TASK DETAILS ::
Below are the records. Count the lines containing the string "image", and reply with the number alone.

PROVIDED DATA below:

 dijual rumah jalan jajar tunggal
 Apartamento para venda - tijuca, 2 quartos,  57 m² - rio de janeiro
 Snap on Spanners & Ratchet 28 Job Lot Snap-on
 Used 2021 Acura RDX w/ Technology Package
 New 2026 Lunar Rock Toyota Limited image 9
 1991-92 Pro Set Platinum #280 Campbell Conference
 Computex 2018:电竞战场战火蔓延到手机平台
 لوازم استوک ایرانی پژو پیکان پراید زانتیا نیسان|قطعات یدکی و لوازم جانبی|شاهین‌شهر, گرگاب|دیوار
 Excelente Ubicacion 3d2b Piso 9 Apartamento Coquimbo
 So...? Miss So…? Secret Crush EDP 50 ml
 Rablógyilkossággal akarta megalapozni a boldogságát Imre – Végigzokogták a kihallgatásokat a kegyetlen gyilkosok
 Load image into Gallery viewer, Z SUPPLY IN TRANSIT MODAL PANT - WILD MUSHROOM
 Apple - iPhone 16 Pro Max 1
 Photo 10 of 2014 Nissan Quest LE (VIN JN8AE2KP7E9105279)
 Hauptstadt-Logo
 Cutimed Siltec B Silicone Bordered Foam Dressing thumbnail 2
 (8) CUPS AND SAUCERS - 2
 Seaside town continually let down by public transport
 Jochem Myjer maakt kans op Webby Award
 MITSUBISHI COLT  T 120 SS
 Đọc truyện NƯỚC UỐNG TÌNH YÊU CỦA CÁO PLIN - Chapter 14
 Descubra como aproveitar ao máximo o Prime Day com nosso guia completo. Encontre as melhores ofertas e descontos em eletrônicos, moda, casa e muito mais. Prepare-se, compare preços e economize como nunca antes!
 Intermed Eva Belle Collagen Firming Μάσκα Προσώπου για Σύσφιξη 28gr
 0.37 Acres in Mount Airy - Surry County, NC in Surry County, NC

End of PROVIDED DATA.

WRITTEN REPLY ::
2